The results showed clearly that expansion of RF clusters is dependent on muscle regeneration. The fact that reactivation of radiation-tolerant muscle precursor cells produce newly regenerated RFs suggests that revertant events occur initially within a minority of muscle precursor cells. The proliferation of these cells, as part of the regeneration process, leads to the expansion of RF clusters within degenerating muscles. The expansion of revertant clusters depicts the cumulative history of regeneration, thus providing a useful index for functional evaluation of therapies that counteract muscle degeneration.
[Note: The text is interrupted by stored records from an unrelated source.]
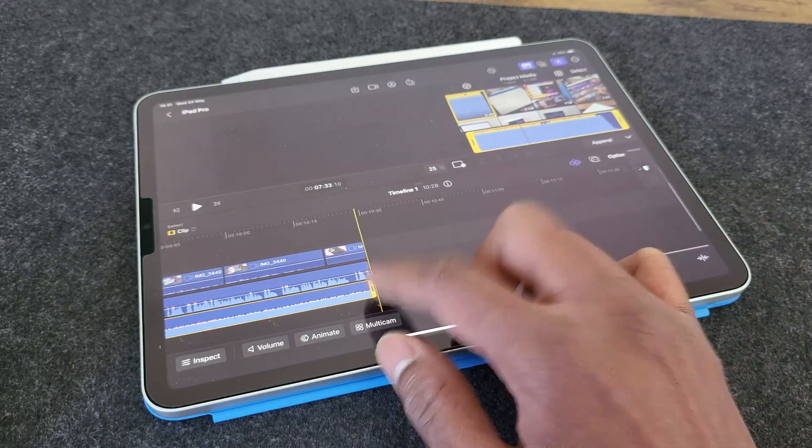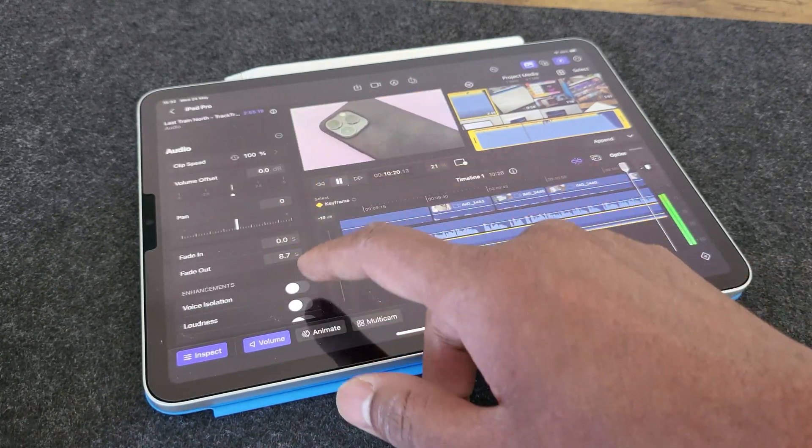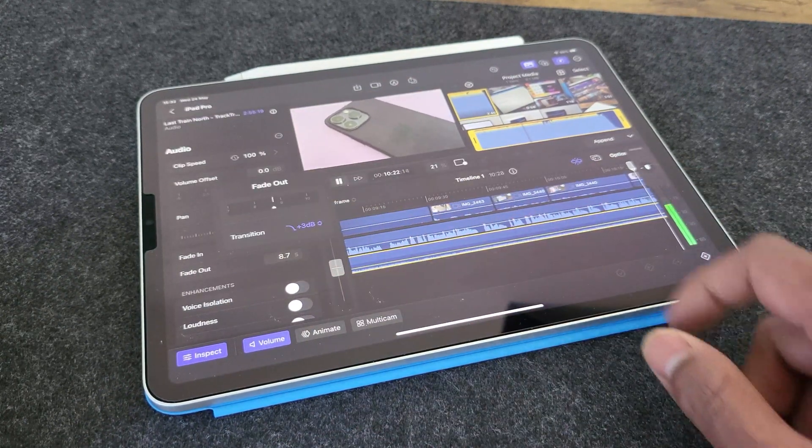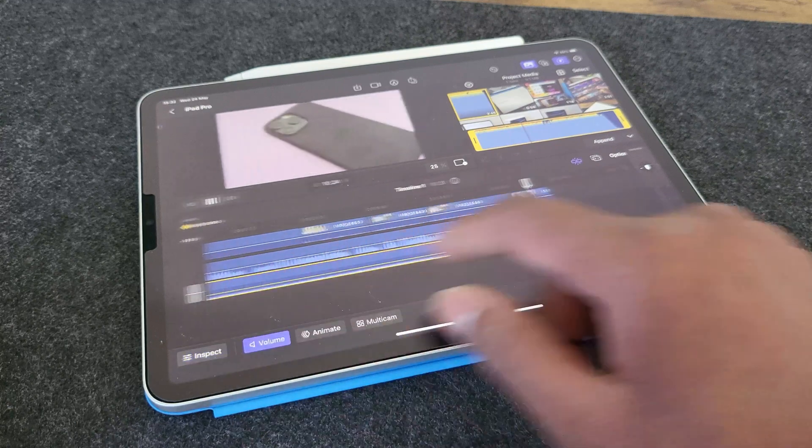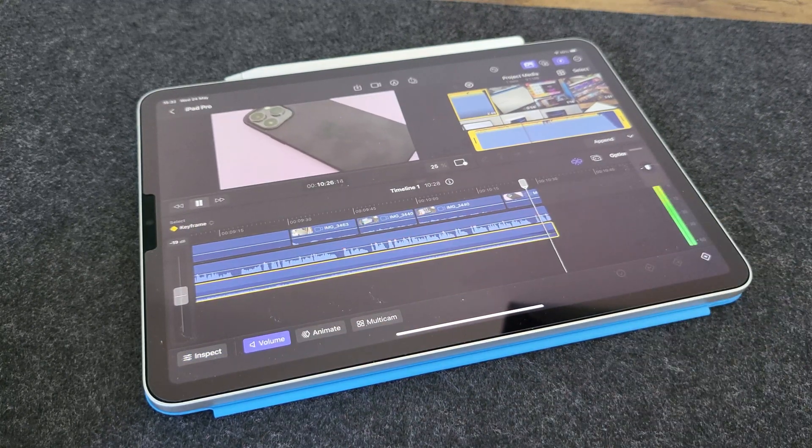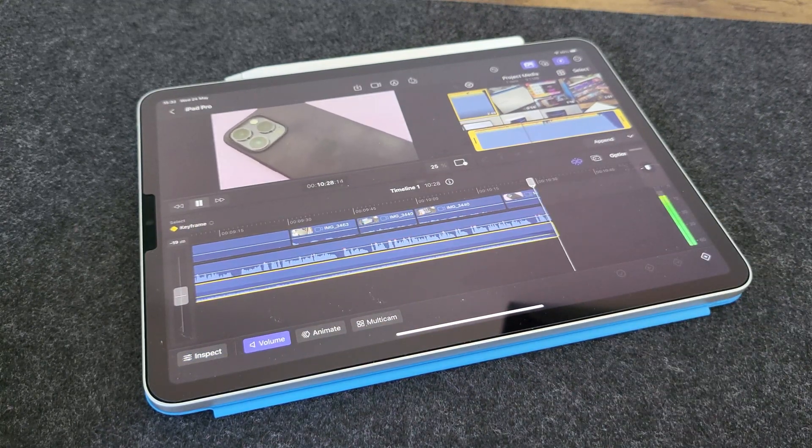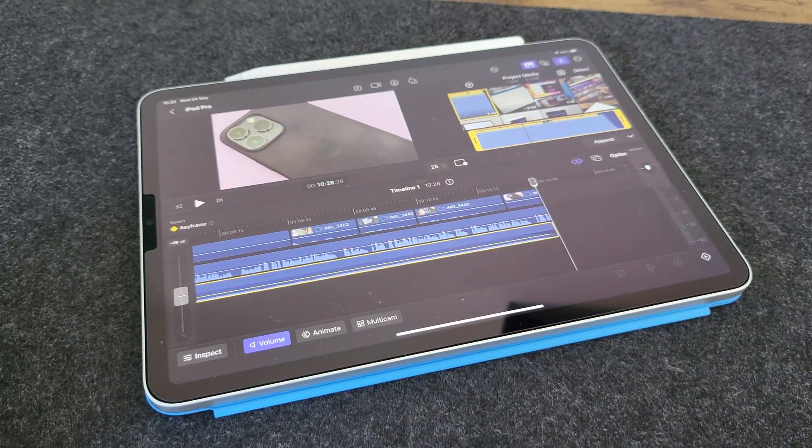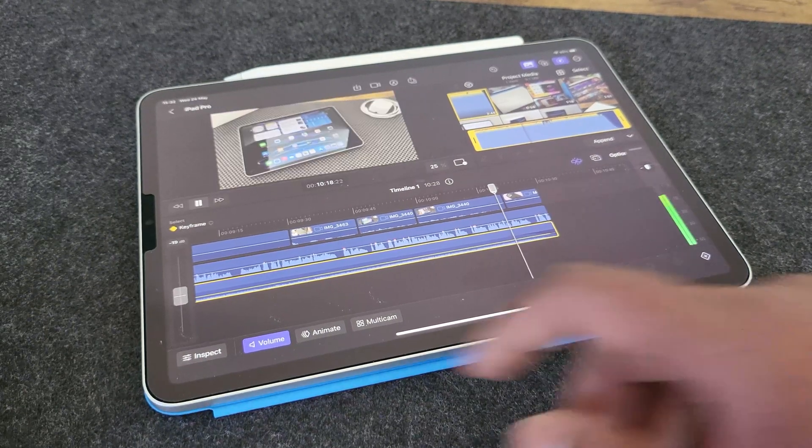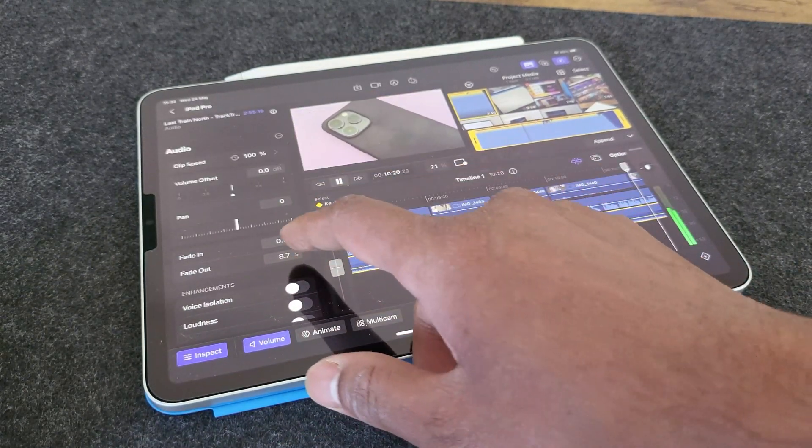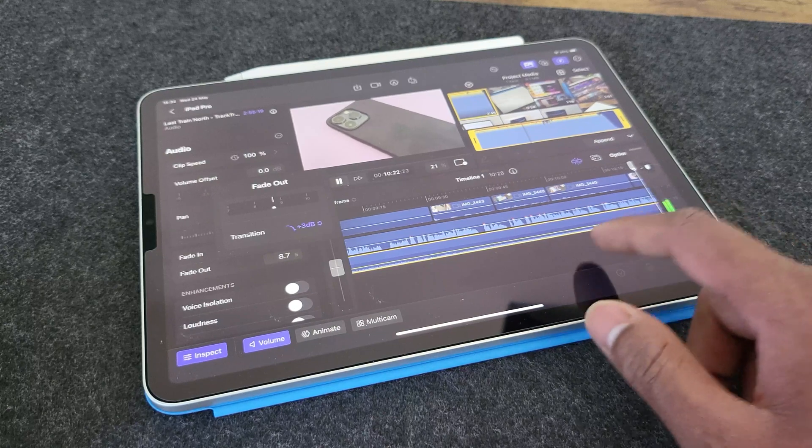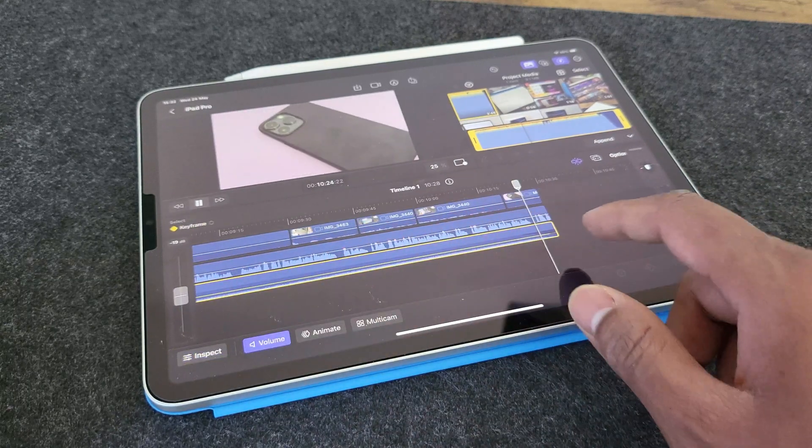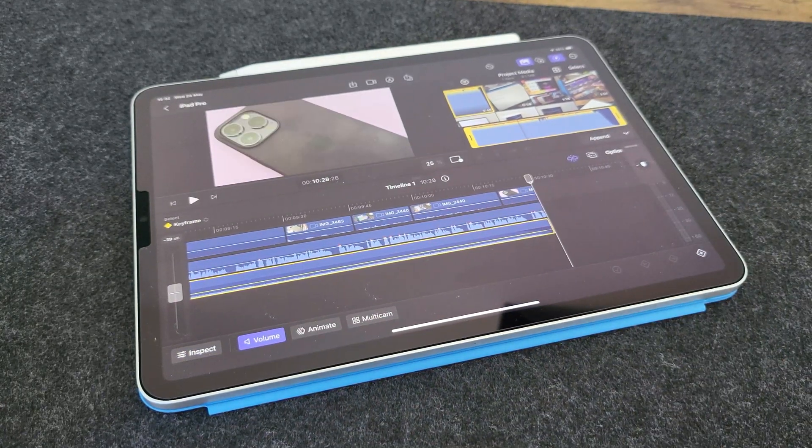Now, one cool thing about this is that when you hit the inspect button by selecting your soundtrack as well, then you get the option to either fade in or fade out your soundtrack. Now in LumaFusion, this was not possible. So you had to do it by adding keyframes and then gradually reducing the volume. But here that functionality is built in and it works perfectly fine. And that's it.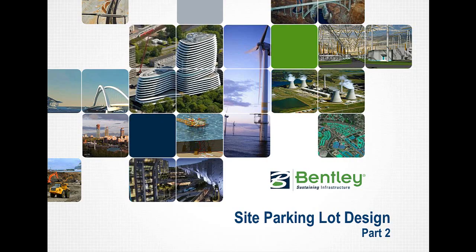In part two of parking lot design, we will create the surface of the parking lot and construction surface along with the curb and gutter sidewalk surfaces.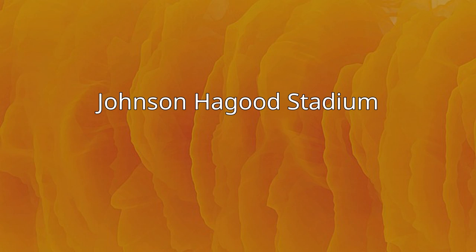Johnson Hagood Stadium is an 11,500-seat football stadium, the home field of the Citadel Bulldogs in Charleston, South Carolina, USA.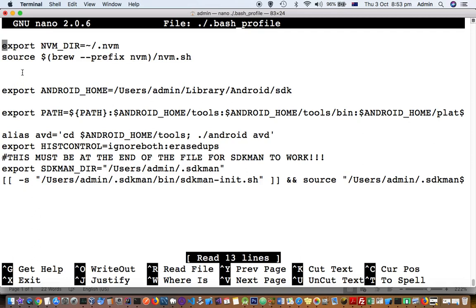Basically, this bash_profile file gets executed when you log into the system. Whatever lines are here will be executed. Basically, what we are doing here is that we are exporting various variables.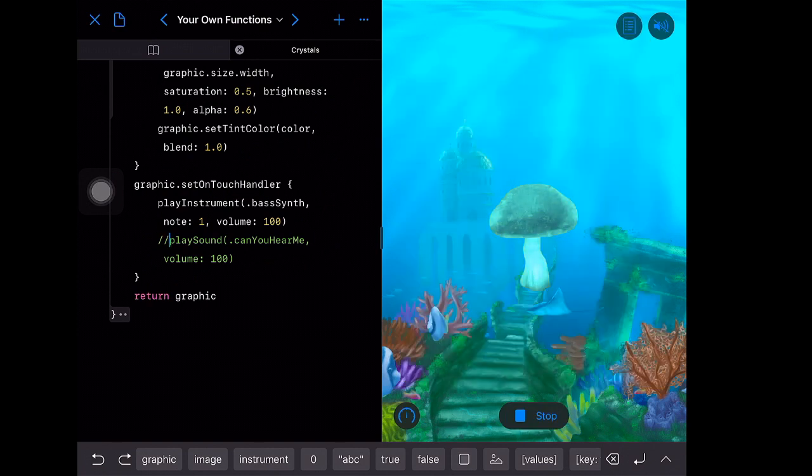Okay, interesting — that's our playSound working. Let's comment out playSound and run again. Yeah — so playInstrument isn't working for us right now. We can debug that on Monday. Let's keep going.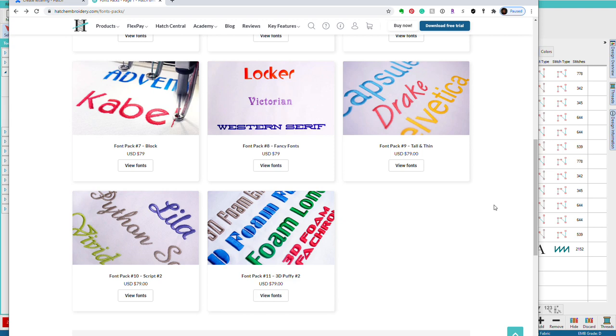Also, while it's possible to use the tools in Hatch to recognize these machine file alphabet files as Hatch objects, they will still be stitch objects, not text objects. Only text that has been created with the lettering docker, whether using an embroidery font or a true type font, will be a Hatch text object.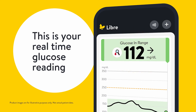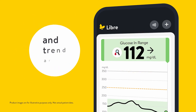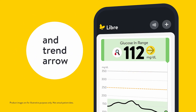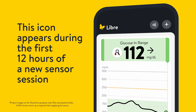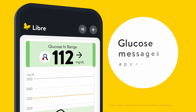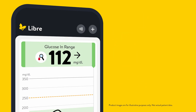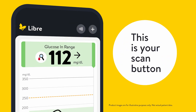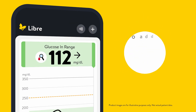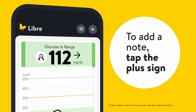This is your real-time glucose reading and trend arrow. This icon will only appear during the first 12 hours of a new sensor session. Your glucose messages appear here and this is your scan button. To add a note, tap the plus sign.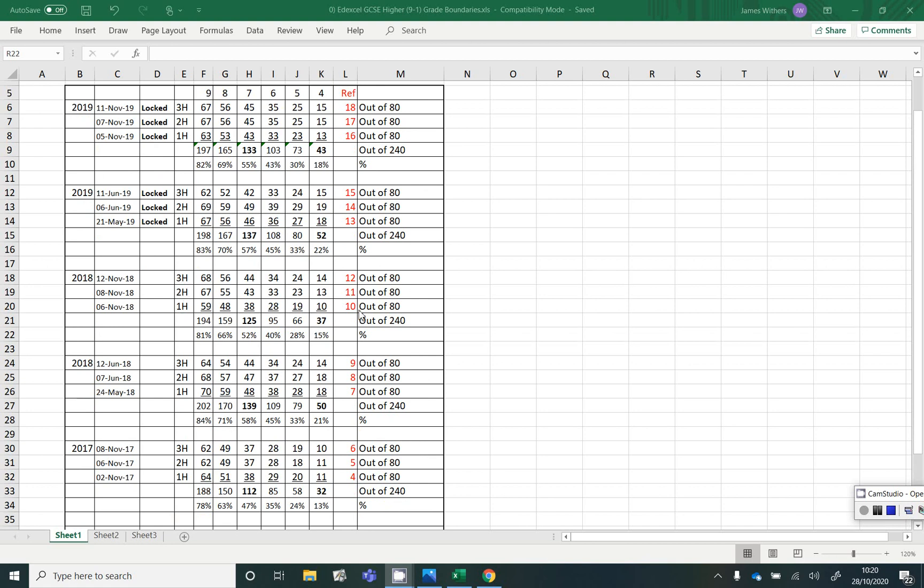As you know these are all marked out of 80, but what I've done at the bottom is I've just translated the total amount over into a percentage just to give you an idea so you can see what percentages you need.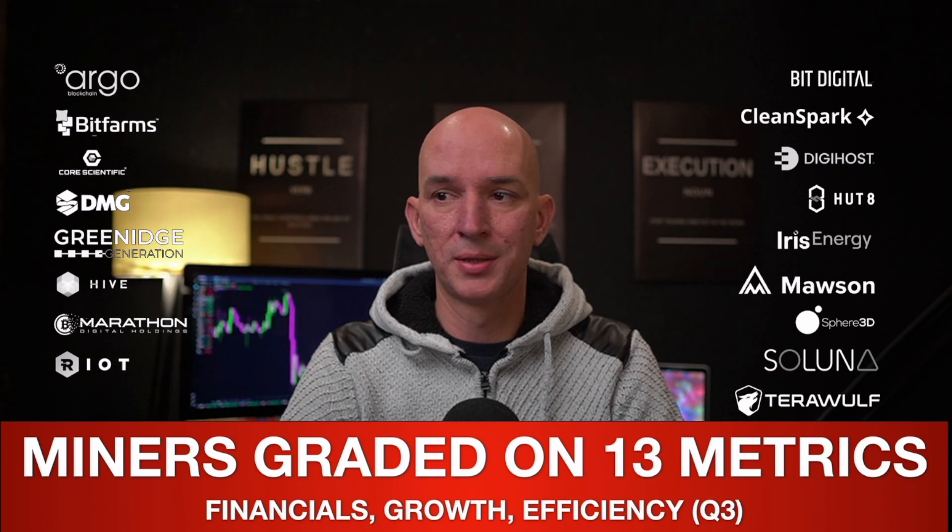We're going to look at 13 metrics. There's financials included in here, there's growth, efficiency, and then split up into two. Basically growth and efficiency and financials are their own thing. And then we total all of those numbers up to get the final result for the top miners versus the worst miners.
RFs in muscles of micro-dystrophin-transgenic mice To investigate the effects of truncated dystrophin expression on the expansion of RF clusters, we examined micro-dystrophin-transgenic mice CS1, AX11 and M3 (Sakamoto et al., 2002), which contain four rod repeats (4.9 kb), three rod repeats (4.4 kb) and one rod repeat (3.9 kb), respectively (Fig. 1). Two antibodies, P7 and MANDRA1, were used to distinguish the revertant dystrophin from transgenic micro-dystrophin (Ellis et al., 1990). P7, a polyclonal antibody against epitopes encoded by exon 57 of the dystrophin gene, which is absent from the micro-dystrophin constructs, stains only RFs (Fig. 2). MANDRA1 is a monoclonal antibody against a C-terminal epitope present both in RFs and in micro-dystrophins, and therefore detects both (Fig. 2). All muscle fibers in the three transgenic mice were stained with MANDRA1 (data not shown). Only a small number of isolated fibers were stained with P7, and the pattern of distribution is consistent with that observed in muscles of young non-transgenic mdx mice. The P7-positive fibers were therefore counted as RFs.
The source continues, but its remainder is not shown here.